Si nos detenemos a observar esa realidad veremos con estupor de qué manera las palabras pronunciadas desde el poder, dueño del capital lingüístico y simbólico, traicionan y derriban lo que decimos y hasta lo que pensamos. El sentido de la responsabilidad y del compromiso, de la seriedad, de la firmeza, se han perdido irremediablemente.
En este mercado lingüístico, las reglas del discurso gobiernan lo que se dice y queda sin decir e identifican a los que pueden hablar con autoridad y a los que sólo deben escuchar y callar. El discurso verbal dominante en la clase política determina lo que cuenta como verdadero y relevante, lo que se debe hablar y lo que debe ser disimulado u ocultado. Así, el poder protege la forma de pensar y actuar de los ciudadanos al informar y modelar nuestra psique.

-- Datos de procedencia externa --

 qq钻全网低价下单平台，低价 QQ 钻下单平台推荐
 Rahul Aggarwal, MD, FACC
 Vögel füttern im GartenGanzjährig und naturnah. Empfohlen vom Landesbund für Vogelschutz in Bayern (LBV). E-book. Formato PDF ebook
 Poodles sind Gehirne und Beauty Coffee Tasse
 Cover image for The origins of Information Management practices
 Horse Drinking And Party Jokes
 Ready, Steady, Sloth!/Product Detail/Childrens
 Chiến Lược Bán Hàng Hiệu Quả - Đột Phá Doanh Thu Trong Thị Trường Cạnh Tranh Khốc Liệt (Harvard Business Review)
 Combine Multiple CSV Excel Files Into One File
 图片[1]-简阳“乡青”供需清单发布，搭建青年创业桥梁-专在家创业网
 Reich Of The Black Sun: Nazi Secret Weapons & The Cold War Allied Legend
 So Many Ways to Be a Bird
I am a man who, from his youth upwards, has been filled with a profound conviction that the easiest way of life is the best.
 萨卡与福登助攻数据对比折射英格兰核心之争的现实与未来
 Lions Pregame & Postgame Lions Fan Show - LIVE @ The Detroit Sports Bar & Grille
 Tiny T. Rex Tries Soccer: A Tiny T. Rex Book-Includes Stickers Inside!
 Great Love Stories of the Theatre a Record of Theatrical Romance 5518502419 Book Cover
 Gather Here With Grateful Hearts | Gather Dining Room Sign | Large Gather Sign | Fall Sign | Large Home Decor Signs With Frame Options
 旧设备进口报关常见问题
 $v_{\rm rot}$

El truco es de sobra conocido: un ejército de lexicógrafos al servicio del poder nos vende, "desplazados" por deportados o expulsados, "daños colaterales" por víctimas civiles, "valla de seguridad" por muro de la vergüenza, "ayuda humanitaria" por ocupación militar en toda regla o "movimiento de liberación nacional" por terrorismo. Y esto ocurre para acomodar armoniosamente la realidad a la visión de cada una de las partes dentro de lo que se entiende como políticamente correcto. Las palabras, así utilizadas, esconden la realidad o en el peor de los casos consuman su muerte, y se convierten en mera incoherencia o sonido que ni siquiera llega a tener una clara articulación de significados. Con toda razón decía Adamov: "Gastadas, raídas, vacías, las palabras se han vuelto fantasmas en las que nadie cree".
Los nuevos lingüistas de la política se preparan para hacer del idioma un arma efectiva de dominio y para degradar con él la dignidad del habla humana y reducirla a retórica irresponsable. No debemos engañarnos. Las palabras no son ajenas al horror. Cuando se habla entre la niebla y la obscenidad, se favorece la vuelta de botas implacables de corte totalitario. Cuando el lenguaje se utiliza para entrar sin pudor y con impunidad en el infierno de los oprimidos, las palabras pierden su significado y adquieren tintes de pesadilla. Cuando la lluvia de mentiras verbales se convierte en estrepitoso diluvio, hemos de temer lo peor.
Que Hitler Y Goebbels hablaran en público con entusiasmo no fue pura casualidad. En su tratado Cinco dificultades con que se tropieza cuando se escribe la verdad, Bertolt Brecht soñaba con un nuevo idioma capaz de enfrentar vitalmente la palabra y el hecho, el hecho y la dignidad humana, de forma que ésta recuperara el lugar perdido por la degradación de los hombres en sus comportamientos y relaciones basadas en la mentira y la manipulación.
Devolver al lenguaje su musculatura moral, su pureza originaria, su condición de don supremo del hombre, rehabilitar el sentido y la verdad de las palabras debe ser nuestro compromiso. La mentira lingüística también es violencia, violencia simbólica. La más insidiosa de todas.
Retornar a las palabras esenciales significa decretar una guerra incruenta al lenguaje parasitario, frívolo y truculento, propio de algunos medios de comunicación, repleto de pontificaciones enlatadas y de lugares comunes que mantienen y propagan la bulimia consumista. Frente a éstos, la intransigencia ética debe ser la norma.
Frente a un lenguaje prostituido se debe luchar por otro que defienda los valores básicos de la dignidad, la libertad, la tolerancia y la democracia."